Feminae: Medieval Women and Gender Index

  • Title: Phyllis Talks with Aristotle through a Window and Phyllis Riding Aristotle
  • Creator:
  • Description: The narrative imagery captured in these two barbed quatrefoils in the Maltererteppich, or Malterer embroidery, tells the medieval legend of the classical philosopher Aristotle, and how he succumbed to the power of female sexual wiles. Beginning in the thirteenth century, medieval poets crafted the story of how Aristotle warned his student, Alexander the Great, not to lose control of his wits to his beautiful mistress (sometimes wife), Phyllis. In an act of retaliation, Phyllis set out to seduce Aristotle himself. She succeeded when she beguiled him so thoroughly that he allowed her to ride him like a horse, complete with bit and bridle. This moralizing yet comical parable highlights medieval anxieties concerning the danger of women’s potential ability to exercise total control over men. The scene at the left shows Phyllis, dressed in a long white gown and golden hair net, leaning into the window of Aristotle’s study. In Henri d’Andeli’s poem “Lai d’Aristote,” Phyllis danced in a garden before Aristotle’s window in order to tempt the philosopher away from his intellectual and spiritual work. On the embroidery Aristotle turns away from his table of books and reaches out to caress Phyllis under the chin, a pervasive gesture of romantic and sexual interest in the Middle Ages. The scene within the right quatrefoil depicts the climactic moment of the Phyllis and Aristotle legend. Here Aristotle walks on all fours with Phyllis perched in a golden saddle on his back. She grasps the reigns of his bridle in her right hand and urges him on with a three-pronged whip in her left hand.

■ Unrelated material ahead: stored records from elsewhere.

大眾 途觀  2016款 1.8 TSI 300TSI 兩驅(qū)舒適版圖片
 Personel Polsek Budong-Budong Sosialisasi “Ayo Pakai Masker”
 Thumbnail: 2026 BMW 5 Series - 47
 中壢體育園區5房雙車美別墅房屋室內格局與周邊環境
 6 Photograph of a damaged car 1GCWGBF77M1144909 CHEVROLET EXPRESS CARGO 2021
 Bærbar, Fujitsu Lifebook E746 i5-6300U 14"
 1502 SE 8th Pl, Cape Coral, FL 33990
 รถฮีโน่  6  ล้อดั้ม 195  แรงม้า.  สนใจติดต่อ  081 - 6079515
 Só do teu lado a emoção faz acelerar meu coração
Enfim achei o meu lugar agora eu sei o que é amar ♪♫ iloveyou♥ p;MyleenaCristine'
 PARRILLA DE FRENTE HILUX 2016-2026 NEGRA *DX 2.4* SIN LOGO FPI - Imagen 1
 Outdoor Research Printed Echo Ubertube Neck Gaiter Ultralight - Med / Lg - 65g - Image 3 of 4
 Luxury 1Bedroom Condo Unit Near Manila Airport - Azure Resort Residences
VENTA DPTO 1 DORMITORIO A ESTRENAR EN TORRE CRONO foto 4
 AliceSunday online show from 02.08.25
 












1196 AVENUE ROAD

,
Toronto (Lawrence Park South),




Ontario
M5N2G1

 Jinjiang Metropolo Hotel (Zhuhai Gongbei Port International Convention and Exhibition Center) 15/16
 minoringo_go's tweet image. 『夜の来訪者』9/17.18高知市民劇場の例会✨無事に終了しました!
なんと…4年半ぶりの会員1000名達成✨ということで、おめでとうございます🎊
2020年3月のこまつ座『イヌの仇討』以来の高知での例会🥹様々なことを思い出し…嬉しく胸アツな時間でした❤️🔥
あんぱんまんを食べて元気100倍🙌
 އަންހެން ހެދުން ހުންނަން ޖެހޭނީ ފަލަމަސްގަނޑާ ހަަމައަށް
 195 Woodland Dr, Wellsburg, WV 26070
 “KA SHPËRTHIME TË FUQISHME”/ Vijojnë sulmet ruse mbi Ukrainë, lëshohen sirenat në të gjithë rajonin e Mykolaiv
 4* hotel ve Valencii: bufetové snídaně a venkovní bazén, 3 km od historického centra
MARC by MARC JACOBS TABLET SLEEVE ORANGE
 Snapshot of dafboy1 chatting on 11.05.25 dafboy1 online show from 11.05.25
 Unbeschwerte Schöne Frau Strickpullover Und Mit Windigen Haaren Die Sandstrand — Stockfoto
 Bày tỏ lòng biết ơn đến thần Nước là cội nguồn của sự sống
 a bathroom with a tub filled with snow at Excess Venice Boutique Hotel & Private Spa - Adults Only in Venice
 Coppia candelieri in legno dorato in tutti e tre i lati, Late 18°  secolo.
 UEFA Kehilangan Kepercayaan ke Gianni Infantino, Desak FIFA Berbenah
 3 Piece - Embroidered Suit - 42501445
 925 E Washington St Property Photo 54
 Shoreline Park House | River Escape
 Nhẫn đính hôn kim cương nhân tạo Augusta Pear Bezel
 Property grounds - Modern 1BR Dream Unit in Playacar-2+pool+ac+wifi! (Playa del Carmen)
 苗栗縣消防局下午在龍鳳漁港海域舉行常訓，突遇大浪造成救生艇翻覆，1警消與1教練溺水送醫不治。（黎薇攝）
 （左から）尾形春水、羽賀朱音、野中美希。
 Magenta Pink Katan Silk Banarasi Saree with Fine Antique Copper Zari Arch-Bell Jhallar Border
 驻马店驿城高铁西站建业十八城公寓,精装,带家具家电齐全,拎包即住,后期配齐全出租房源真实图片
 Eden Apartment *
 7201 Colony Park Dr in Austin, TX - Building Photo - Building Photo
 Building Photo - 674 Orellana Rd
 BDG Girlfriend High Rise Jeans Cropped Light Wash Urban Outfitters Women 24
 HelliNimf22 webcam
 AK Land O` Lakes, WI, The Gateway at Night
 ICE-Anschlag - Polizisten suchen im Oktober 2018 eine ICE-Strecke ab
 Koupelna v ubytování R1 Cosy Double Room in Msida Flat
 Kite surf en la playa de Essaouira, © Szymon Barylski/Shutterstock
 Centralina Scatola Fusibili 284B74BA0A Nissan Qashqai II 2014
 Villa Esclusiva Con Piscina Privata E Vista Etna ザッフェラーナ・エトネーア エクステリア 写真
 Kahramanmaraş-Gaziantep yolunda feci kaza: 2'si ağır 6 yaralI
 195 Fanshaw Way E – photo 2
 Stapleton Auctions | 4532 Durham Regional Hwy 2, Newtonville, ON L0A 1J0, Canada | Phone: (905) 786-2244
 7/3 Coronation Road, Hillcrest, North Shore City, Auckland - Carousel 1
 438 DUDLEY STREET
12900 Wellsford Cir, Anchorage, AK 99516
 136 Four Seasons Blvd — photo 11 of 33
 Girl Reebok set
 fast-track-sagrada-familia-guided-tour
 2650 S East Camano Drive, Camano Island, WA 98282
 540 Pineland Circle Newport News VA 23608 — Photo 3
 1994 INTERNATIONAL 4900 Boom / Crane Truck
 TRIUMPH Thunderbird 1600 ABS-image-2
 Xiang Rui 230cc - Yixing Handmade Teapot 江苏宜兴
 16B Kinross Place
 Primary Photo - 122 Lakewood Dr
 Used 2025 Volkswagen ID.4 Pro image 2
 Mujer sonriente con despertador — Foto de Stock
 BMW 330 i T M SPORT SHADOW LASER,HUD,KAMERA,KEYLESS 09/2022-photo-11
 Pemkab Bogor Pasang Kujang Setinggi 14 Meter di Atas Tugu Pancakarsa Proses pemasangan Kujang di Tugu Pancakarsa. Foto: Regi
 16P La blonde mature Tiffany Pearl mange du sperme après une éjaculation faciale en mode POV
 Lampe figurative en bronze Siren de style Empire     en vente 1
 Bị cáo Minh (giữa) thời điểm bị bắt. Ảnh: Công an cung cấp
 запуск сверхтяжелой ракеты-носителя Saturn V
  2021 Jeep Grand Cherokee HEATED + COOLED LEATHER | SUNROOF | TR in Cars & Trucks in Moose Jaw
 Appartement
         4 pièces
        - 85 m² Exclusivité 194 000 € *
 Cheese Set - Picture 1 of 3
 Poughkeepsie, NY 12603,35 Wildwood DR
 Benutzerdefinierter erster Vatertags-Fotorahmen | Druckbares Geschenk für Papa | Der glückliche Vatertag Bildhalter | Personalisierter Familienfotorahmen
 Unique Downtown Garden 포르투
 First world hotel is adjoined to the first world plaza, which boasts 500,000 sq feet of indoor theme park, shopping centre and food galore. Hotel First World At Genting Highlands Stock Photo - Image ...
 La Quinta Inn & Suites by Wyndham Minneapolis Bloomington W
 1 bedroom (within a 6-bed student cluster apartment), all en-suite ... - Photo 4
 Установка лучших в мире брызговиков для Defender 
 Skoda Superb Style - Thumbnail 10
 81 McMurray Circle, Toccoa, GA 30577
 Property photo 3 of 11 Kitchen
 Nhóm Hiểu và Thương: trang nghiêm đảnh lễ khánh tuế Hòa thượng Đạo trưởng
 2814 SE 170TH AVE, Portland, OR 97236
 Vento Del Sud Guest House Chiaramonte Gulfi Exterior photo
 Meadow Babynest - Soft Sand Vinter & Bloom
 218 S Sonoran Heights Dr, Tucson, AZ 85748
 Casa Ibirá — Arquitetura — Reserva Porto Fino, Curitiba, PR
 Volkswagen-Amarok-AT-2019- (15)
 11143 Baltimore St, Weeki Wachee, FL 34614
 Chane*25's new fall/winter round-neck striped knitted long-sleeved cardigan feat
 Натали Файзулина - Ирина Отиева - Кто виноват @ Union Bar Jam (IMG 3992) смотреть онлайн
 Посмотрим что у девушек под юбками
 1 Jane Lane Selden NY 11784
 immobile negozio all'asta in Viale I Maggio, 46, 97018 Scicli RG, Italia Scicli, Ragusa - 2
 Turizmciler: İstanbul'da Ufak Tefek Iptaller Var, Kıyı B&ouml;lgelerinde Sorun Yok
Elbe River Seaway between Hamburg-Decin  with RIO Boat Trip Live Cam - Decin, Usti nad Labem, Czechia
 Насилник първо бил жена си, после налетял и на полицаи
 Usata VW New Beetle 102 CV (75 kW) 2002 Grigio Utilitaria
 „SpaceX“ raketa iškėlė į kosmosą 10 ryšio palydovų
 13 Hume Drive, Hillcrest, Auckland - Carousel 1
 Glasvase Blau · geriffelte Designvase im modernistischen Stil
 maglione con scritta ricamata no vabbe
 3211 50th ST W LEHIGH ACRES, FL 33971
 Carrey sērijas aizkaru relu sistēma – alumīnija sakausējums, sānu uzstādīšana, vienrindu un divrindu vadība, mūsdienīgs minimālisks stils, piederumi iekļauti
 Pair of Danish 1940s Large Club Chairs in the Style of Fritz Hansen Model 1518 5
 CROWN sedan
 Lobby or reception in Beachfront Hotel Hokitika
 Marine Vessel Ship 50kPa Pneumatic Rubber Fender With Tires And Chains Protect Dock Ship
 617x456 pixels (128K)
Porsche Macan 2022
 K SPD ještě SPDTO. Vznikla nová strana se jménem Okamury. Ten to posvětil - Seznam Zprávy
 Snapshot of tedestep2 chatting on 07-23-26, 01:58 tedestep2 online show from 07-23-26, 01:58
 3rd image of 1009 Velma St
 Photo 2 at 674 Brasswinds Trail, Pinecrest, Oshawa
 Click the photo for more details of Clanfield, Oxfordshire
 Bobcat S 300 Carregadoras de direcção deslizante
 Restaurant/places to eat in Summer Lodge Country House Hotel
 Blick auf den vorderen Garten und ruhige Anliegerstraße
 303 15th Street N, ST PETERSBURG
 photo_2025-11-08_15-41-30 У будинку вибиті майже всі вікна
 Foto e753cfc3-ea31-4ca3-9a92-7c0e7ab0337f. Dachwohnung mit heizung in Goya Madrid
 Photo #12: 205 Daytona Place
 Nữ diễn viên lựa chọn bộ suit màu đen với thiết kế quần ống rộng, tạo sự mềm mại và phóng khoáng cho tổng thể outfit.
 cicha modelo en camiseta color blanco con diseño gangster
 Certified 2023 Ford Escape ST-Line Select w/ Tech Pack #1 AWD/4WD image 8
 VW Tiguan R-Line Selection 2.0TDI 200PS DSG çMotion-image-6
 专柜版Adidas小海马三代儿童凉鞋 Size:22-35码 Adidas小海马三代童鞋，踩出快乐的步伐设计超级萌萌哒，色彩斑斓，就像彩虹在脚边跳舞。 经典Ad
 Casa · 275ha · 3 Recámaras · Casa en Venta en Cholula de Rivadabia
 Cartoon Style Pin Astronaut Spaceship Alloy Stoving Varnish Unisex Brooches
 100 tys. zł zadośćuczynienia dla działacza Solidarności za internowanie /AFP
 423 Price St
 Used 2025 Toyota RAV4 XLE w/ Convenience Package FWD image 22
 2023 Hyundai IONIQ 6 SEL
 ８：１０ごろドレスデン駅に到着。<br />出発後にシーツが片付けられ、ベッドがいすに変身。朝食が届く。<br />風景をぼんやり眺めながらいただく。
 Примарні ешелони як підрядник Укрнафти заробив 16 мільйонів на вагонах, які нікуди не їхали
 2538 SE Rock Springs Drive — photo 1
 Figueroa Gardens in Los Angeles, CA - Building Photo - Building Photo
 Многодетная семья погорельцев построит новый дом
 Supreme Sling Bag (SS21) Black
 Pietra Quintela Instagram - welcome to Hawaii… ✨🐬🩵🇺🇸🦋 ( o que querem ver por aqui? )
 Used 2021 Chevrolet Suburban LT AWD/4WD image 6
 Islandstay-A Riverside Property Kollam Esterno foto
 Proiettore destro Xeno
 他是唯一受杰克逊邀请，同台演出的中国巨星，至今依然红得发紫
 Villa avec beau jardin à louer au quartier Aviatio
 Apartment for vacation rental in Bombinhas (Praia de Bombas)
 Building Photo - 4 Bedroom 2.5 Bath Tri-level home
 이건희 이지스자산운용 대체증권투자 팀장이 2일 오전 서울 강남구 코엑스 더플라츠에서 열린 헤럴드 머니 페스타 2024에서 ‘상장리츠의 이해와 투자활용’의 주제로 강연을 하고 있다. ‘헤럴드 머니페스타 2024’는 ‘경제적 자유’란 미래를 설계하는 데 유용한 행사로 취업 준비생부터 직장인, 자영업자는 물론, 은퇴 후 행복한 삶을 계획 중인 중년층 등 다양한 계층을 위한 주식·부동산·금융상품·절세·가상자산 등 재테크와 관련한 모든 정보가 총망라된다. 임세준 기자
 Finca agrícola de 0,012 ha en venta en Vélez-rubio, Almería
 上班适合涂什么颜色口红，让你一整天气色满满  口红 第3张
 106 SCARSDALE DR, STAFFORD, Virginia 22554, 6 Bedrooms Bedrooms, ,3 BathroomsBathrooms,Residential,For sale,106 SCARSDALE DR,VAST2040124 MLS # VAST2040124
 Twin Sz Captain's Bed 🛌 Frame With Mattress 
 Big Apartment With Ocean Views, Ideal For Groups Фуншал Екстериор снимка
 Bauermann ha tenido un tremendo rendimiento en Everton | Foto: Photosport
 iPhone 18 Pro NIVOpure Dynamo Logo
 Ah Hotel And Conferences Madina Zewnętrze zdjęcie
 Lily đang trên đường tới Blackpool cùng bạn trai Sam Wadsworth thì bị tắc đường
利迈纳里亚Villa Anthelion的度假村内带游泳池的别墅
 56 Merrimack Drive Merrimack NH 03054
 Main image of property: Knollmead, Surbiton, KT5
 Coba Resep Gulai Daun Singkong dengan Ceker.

    Representations of Phyllis riding Aristotle were quite popular from the thirteenth century on, appearing in manuscripts, on domestic vessels, and even in church sculpture. The Maltererteppich itself was likely once a cover for a bench, and was commissioned by Johannes Malterer, either for a marriage or for the convent where his sister Anna was a nun (Smith, 1990). On the Maltererteppich, however, the legend of Phyllis and Aristotle joins with scenes from the story of Samson, a similar legend concerning the poet Virgil, narrative moments from tales of the Arthurian knight Iwaine, and, finally, a lady with a unicorn. Scholars have debated the purpose of employing this “Power of Women topos” on a tapestry meant for a convent, arguing that the narrative warns of the dangers of fleshly love over spiritual love. If the tapestry celebrated the occasion of a marriage, however, the imagery may have been intended to demonstrate the transformative power of love itself.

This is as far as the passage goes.